Data:
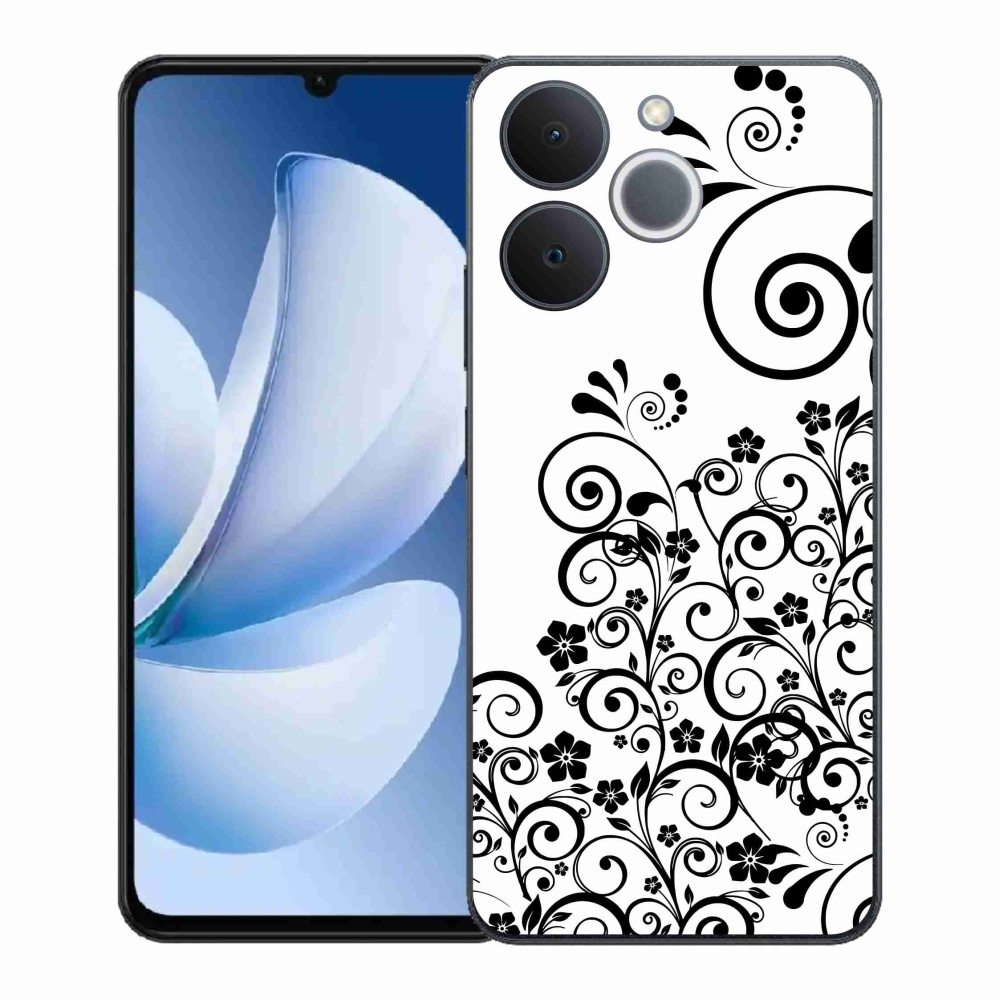 Gélový kryt mmCase na Realme Note 70T - čiernobiele kvetinové vzory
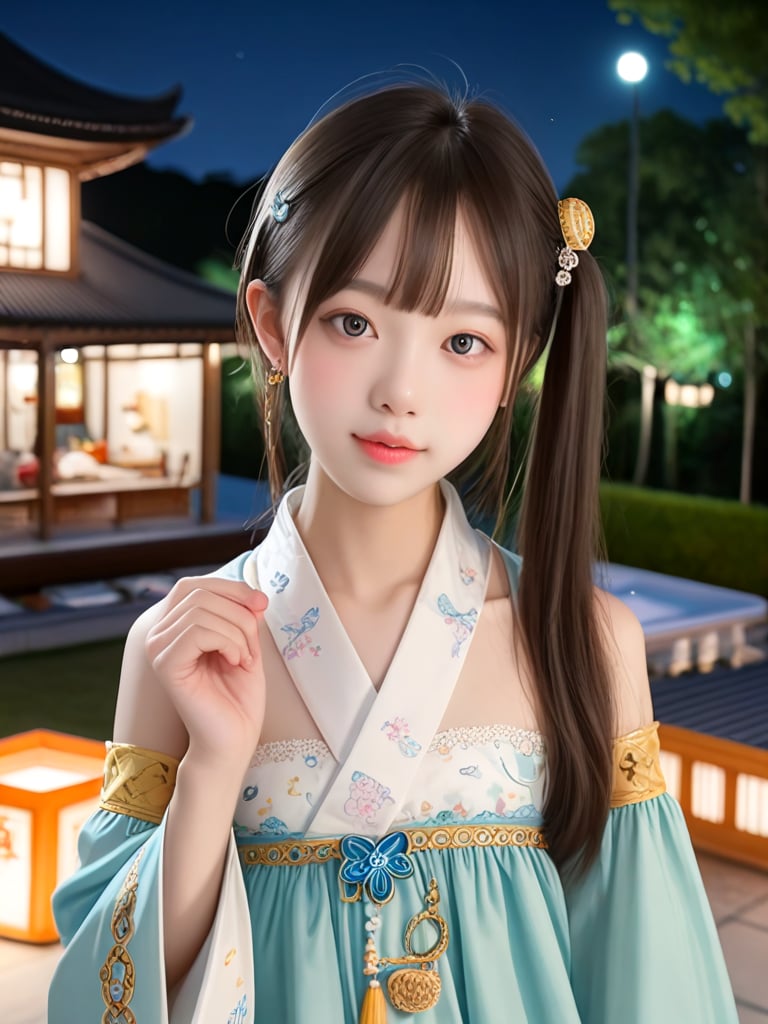 ((score_9, realistic)), ((face focus)), ((fair skin)), ((skinny)), 1girl, one side up, hair ornament, idol, jpop, kpop, belle, pretty, petite, chiffon hanfu, wide sleeves, indoors, ancinet chinese architecture, night, backyard, <lora:ADetailerNetidolFace_pony:0.5>,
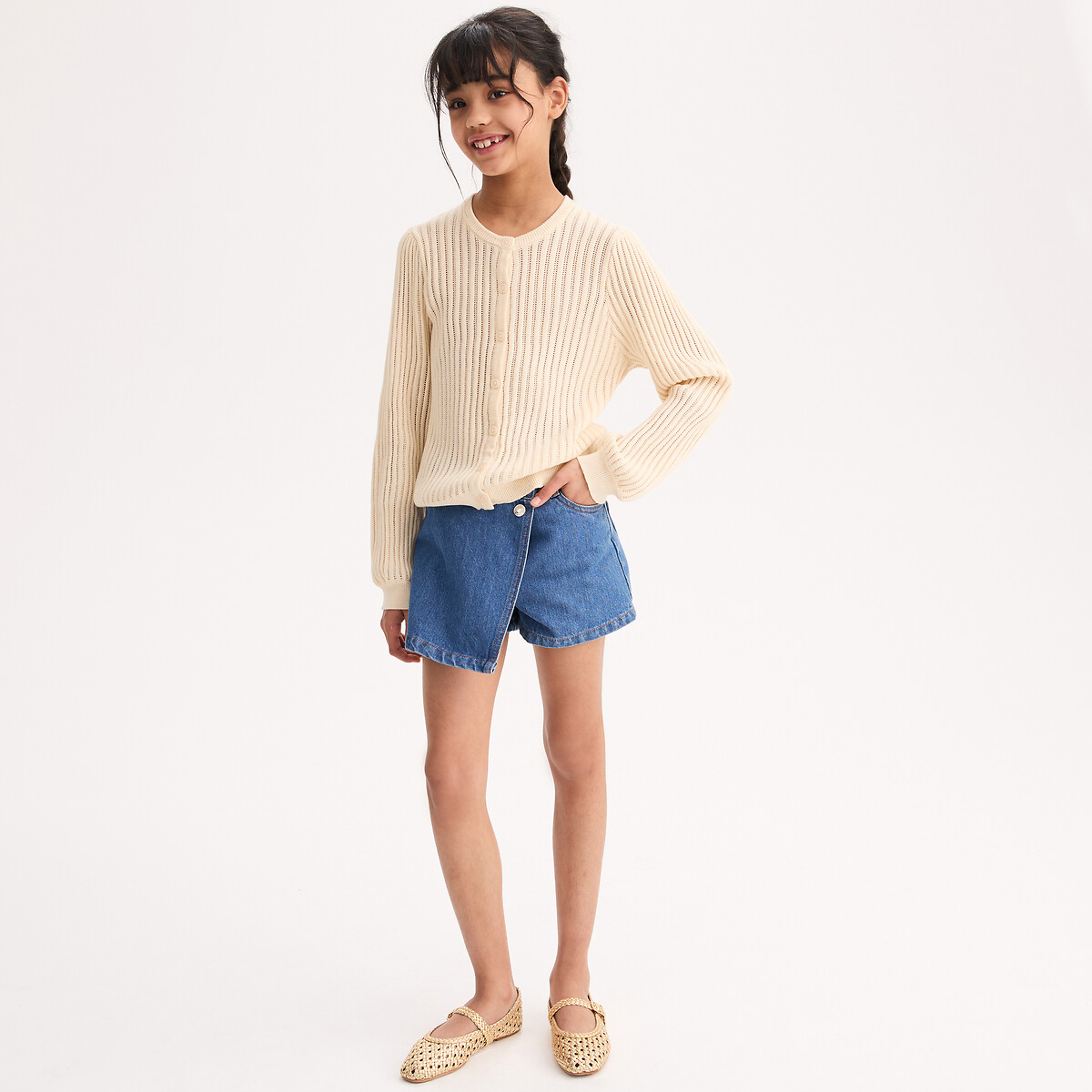 Kids Braided Mary Jane Ballet Pumps gold-coloured, LA REDOUTE COLLECTIONS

Required work: The lines wanted run from the one with "((score_9, realistic)), ((face" through the final line of the data; repeat them word for word and skip every picture.

Task solution:
 ((score_9, realistic)), ((face focus)), ((fair skin)), ((skinny)), 1girl, one side up, hair ornament, idol, jpop, kpop, belle, pretty, petite, chiffon hanfu, wide sleeves, indoors, ancinet chinese architecture, night, backyard, <lora:ADetailerNetidolFace_pony:0.5>,
 Kids Braided Mary Jane Ballet Pumps gold-coloured, LA REDOUTE COLLECTIONS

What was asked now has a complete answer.